__Provided data__:
__________

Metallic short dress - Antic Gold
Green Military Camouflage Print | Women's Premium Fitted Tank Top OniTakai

__________

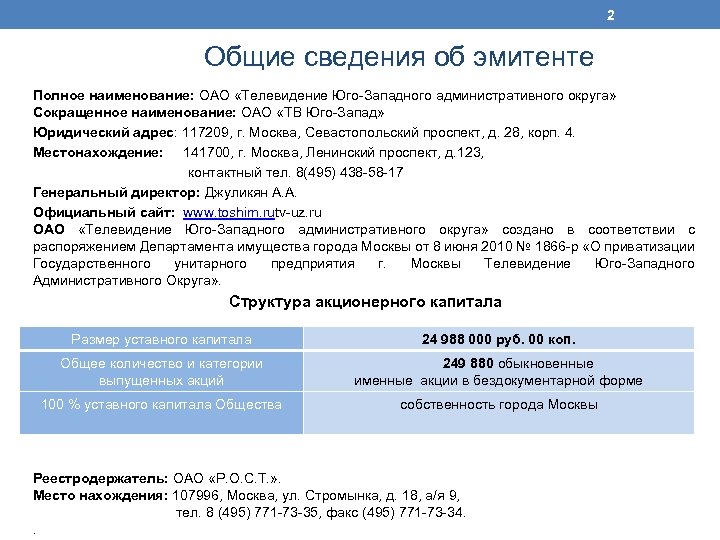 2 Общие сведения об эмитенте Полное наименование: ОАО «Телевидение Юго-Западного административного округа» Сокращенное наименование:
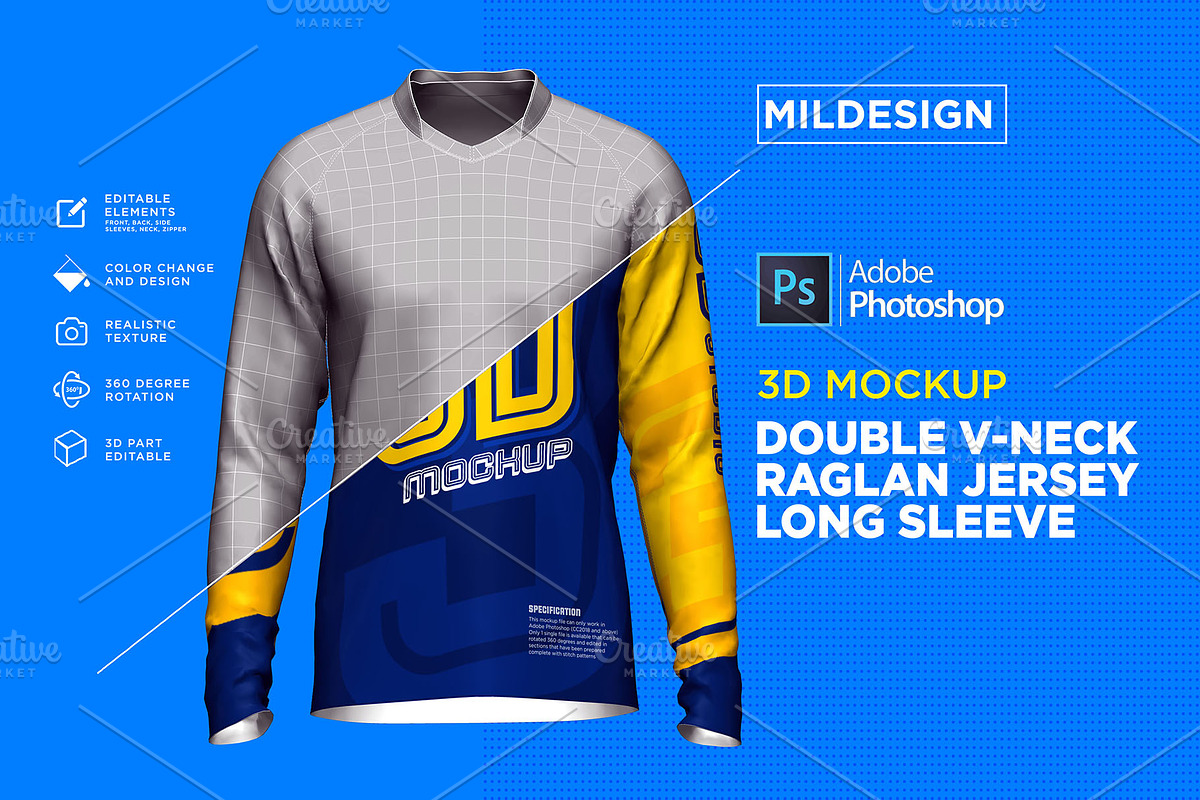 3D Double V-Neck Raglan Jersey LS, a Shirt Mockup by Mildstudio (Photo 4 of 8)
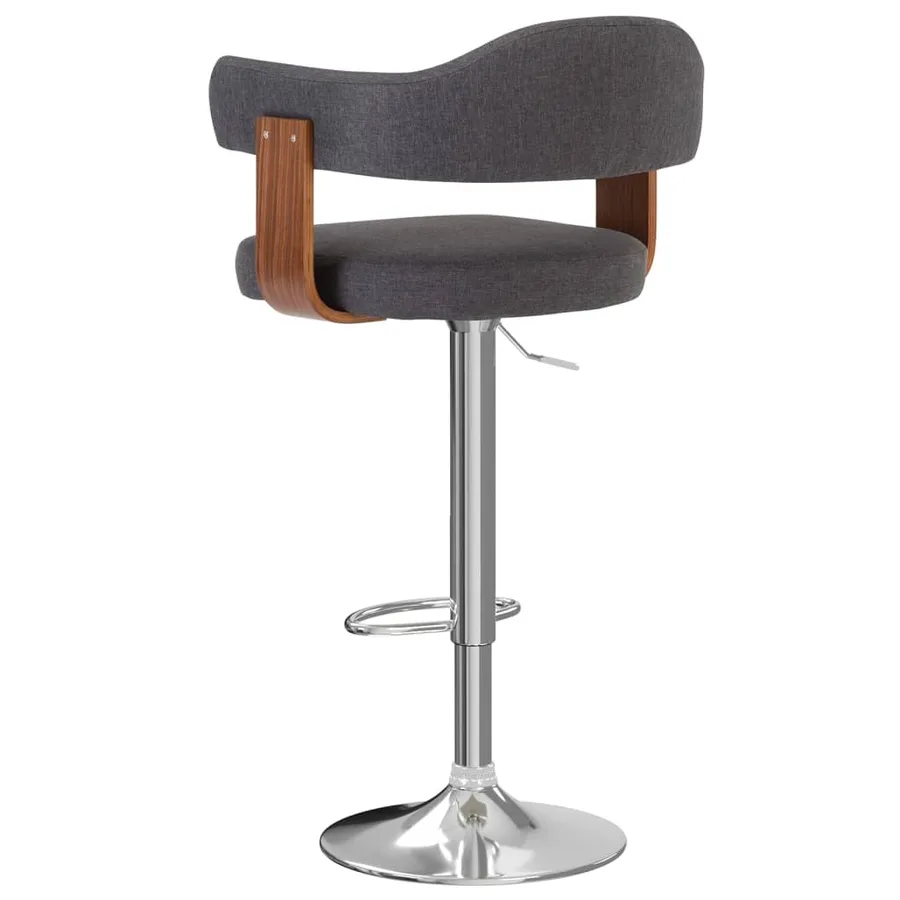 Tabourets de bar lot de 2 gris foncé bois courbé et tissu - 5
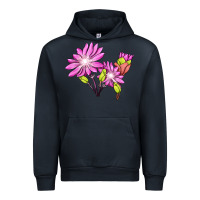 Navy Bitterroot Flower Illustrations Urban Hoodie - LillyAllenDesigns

__________

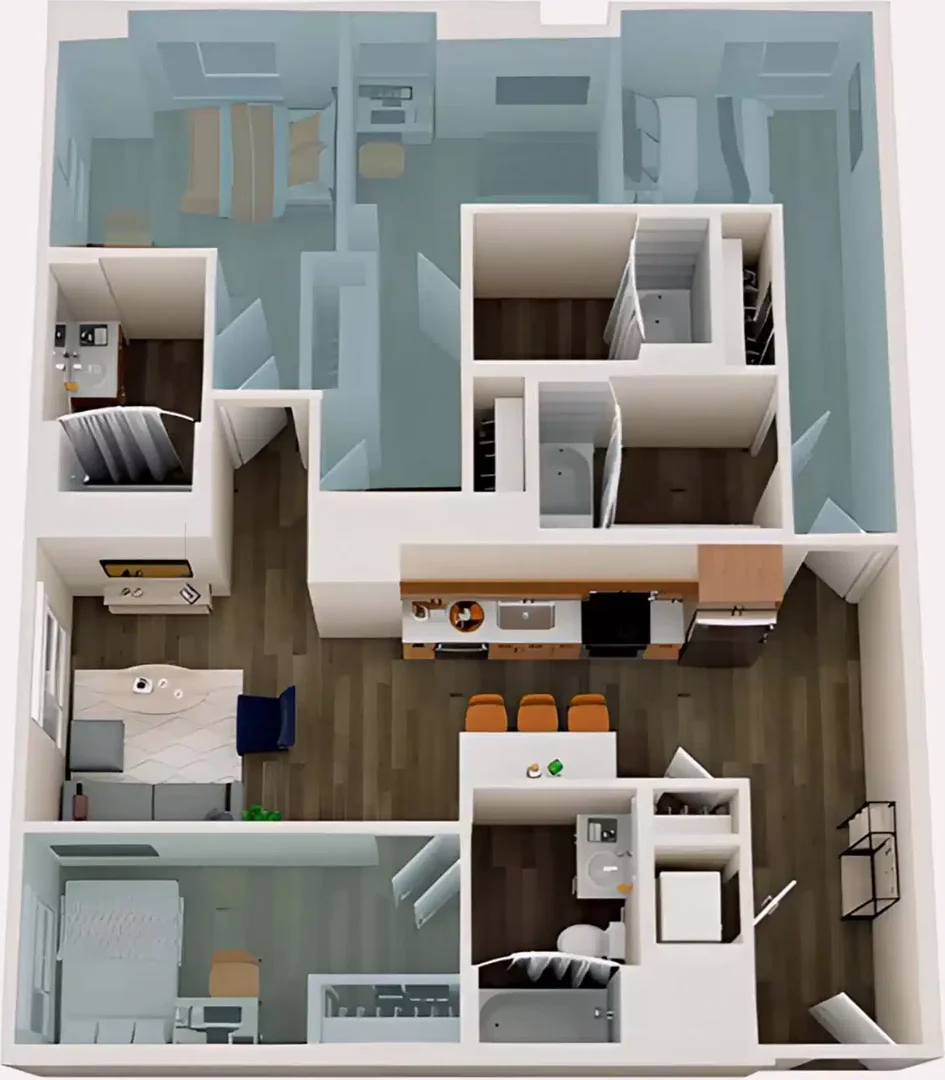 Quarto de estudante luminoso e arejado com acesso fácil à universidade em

__________

__Task directions__: Reproduce only the lines above spanning from the line containing "Metallic short dress - Antic Gold" through the line containing "Green Military Camouflage", word for word.

__Completed task__:
Metallic short dress - Antic Gold
Green Military Camouflage Print | Women's Premium Fitted Tank Top OniTakai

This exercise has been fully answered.